We wanted users to have a good initial experience with the Budget App so we added a demo. Yes, there was an issue or two along the way but in general, the demo turned out to be useful. When your App crosses the trivial boundary, you need to be able to show users what they can do; there is little worse than signing up to a new App and not being able to do anything because you don’t have any data.

Good initial data

However, the existence of a demo is not enough – it needs to be useful, it needs to include mock data but more importantly, hint at all or many of the features that exist in your App. As developers it is all too easy to create data that is ‘pretty’, we need to create mock real data that will more closely match a user’s real-life experience.

With a blogging App, it might make sense for the initial data to show all the available states a post can have, ‘published’, ‘draft’, ‘scheduled’ etc. – that way rather than seeing a list of completed posts, the user gets to see that posts exist and immediately discovers there is a scheduling system.

Our demo issues?

The demo for Budget creates two projection accounts and ten expense items of several types, that way when a user loads the demo, they get to see how their budget is likely to display and they can play.

So far so good.

Nope, we aren’t exposing all the features; budget items can be marked as paid, disabled and their balances can be adjusted on an ad-hoc basis.

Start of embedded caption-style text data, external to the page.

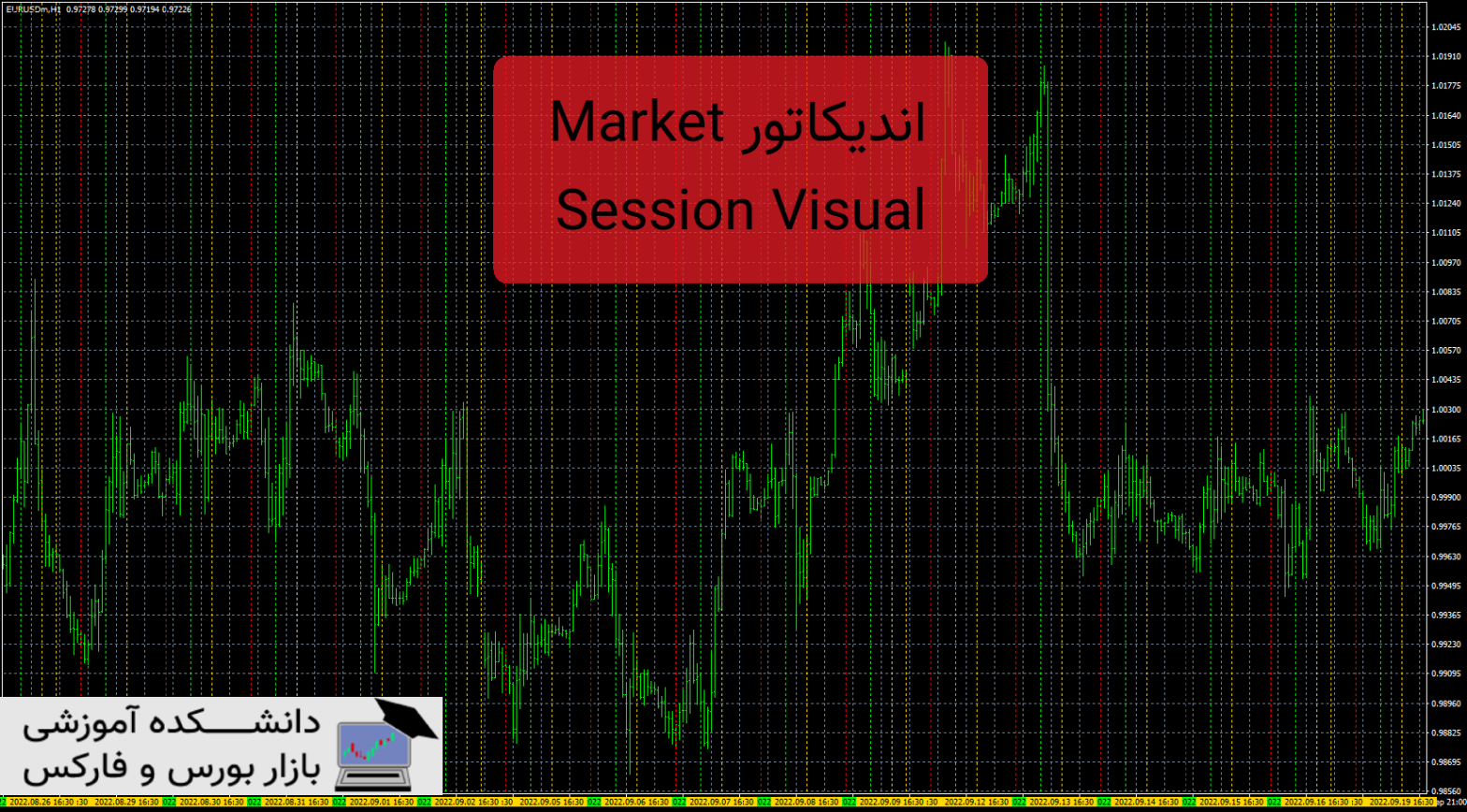Market Session Visual دانلود و معرفی اندیکاتور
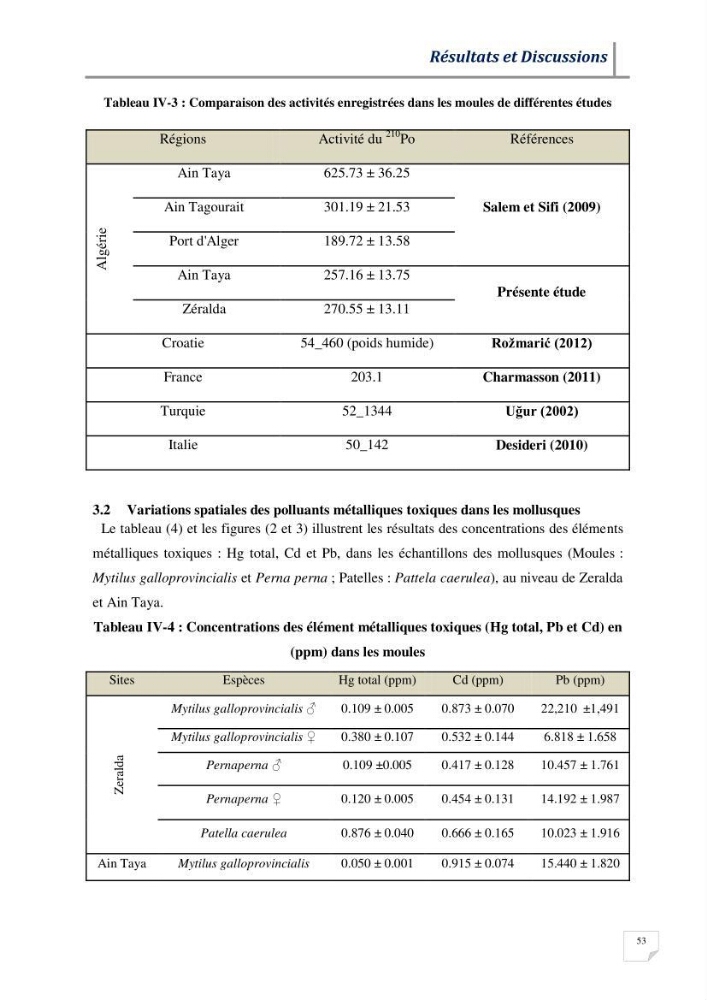 Contribution à l’évaluation des risques environnementaux radioactifs et métalliques sur la biodiversité de quelques organismes marins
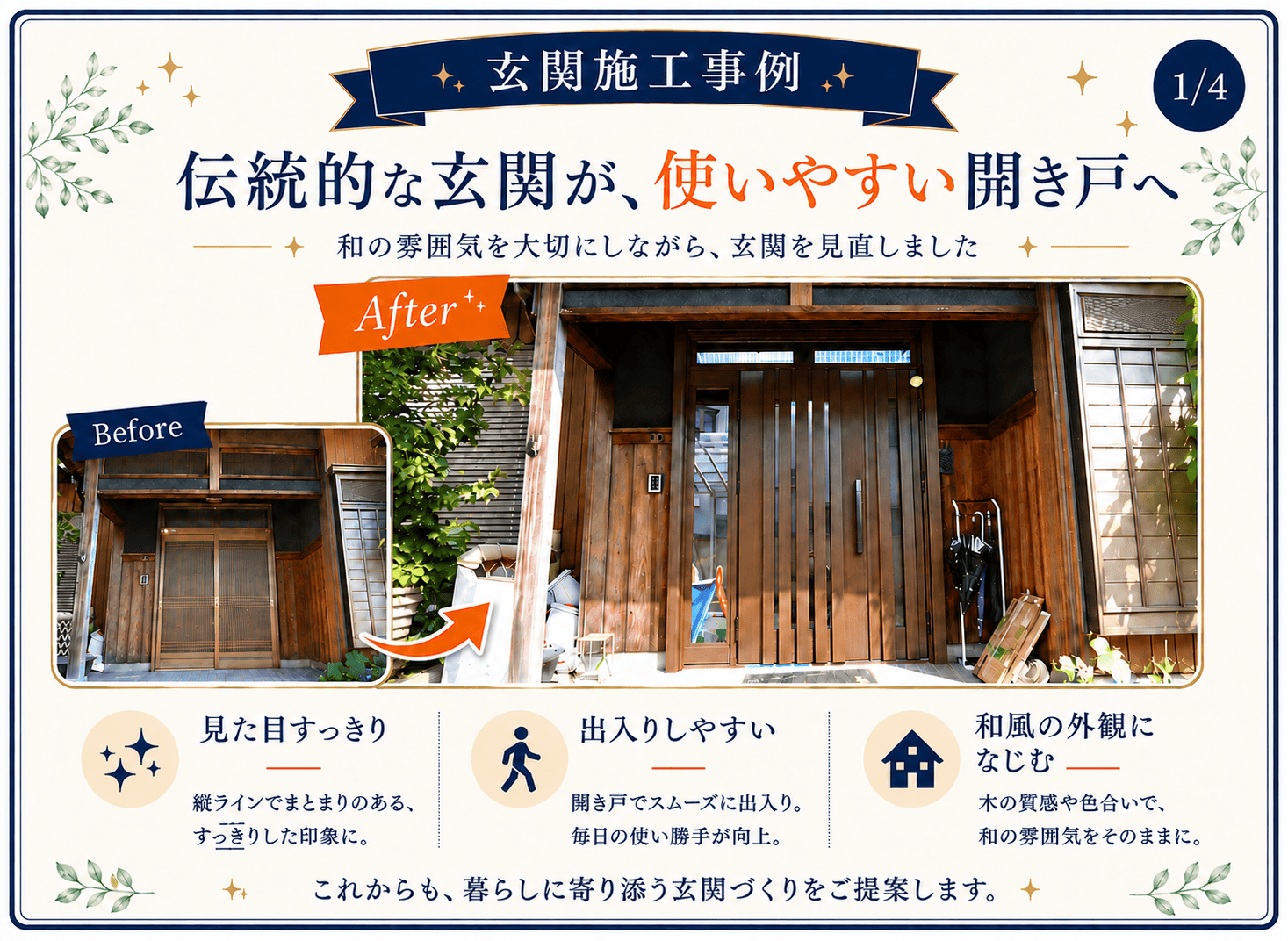 昔ながらの玄関を、使いやすい開き戸へ|和風住宅の玄関リフォーム施工事例 アイキャッチ画像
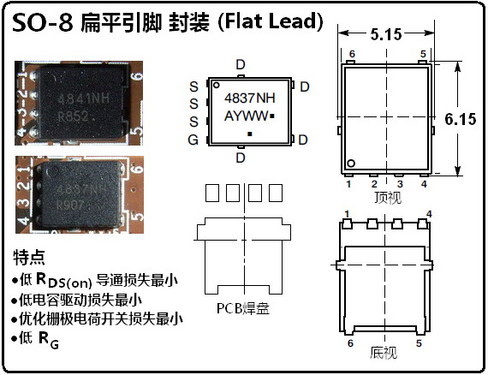 主板用MOSFET的封裝形式和技術(shù) 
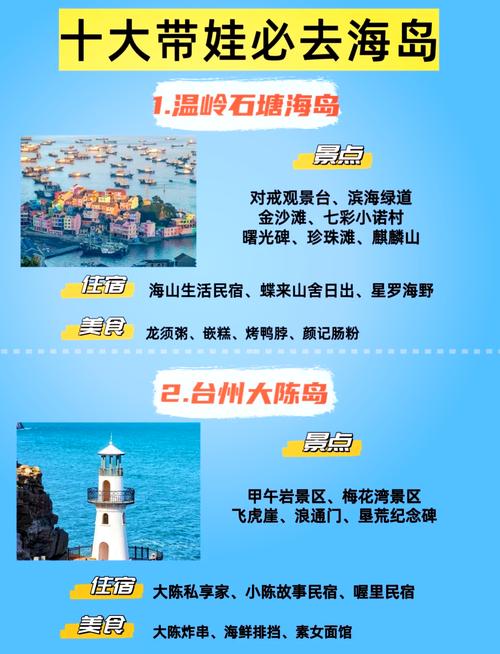 浙江舟山可以正常出行 - 舟山能去吗 第7张 浙江舟山可以正常出行 - 舟山能去吗 第7张
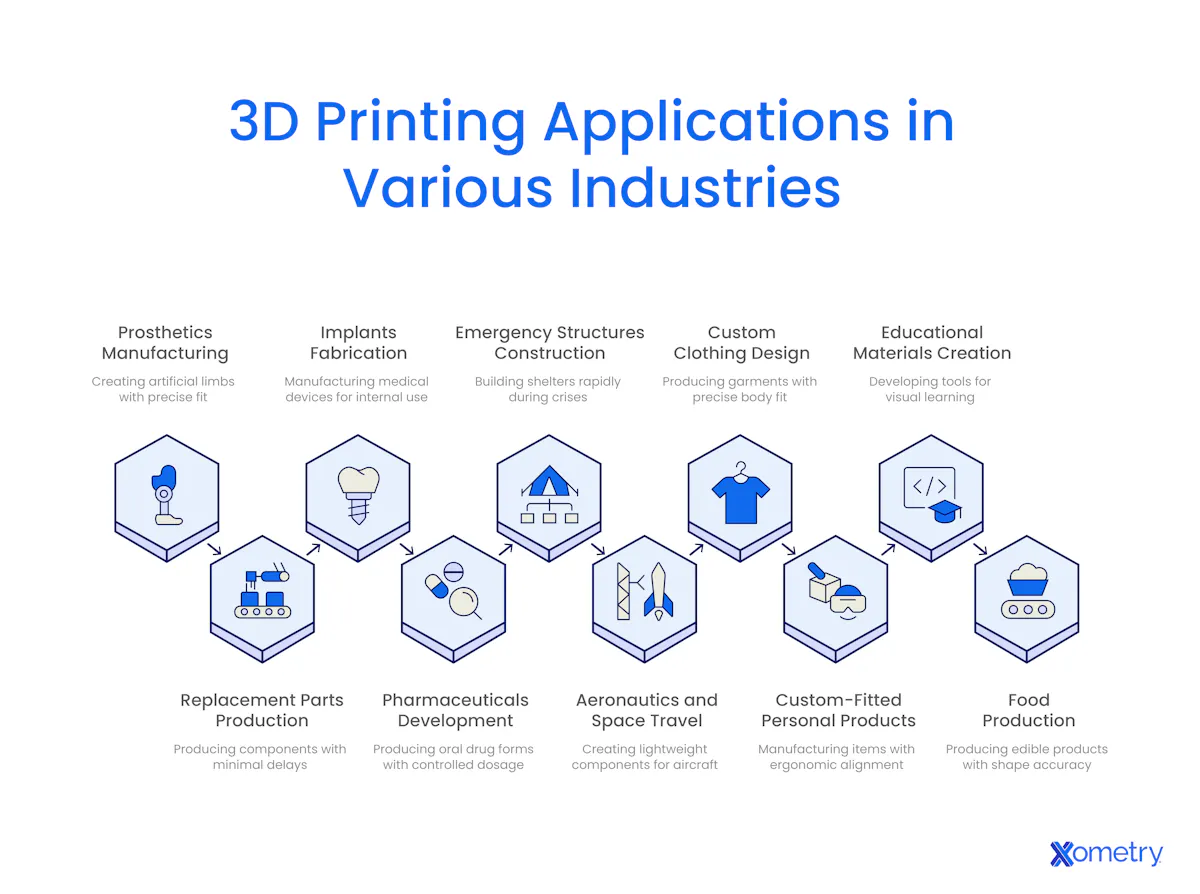 10-applications-of-3d-printing-uses-and-examples-xometry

These are small features but are part of the general workflow, by being missing from the demo data, we are hoping users find the relevant action buttons rather than letting them know they exist from the start.

Before the official release I am going to review the demo data for Budget and correct the issues I’ve talked about in this post. I’m also going to make a point of reviewing the demo data every few months to ensure we are covering any newly added features.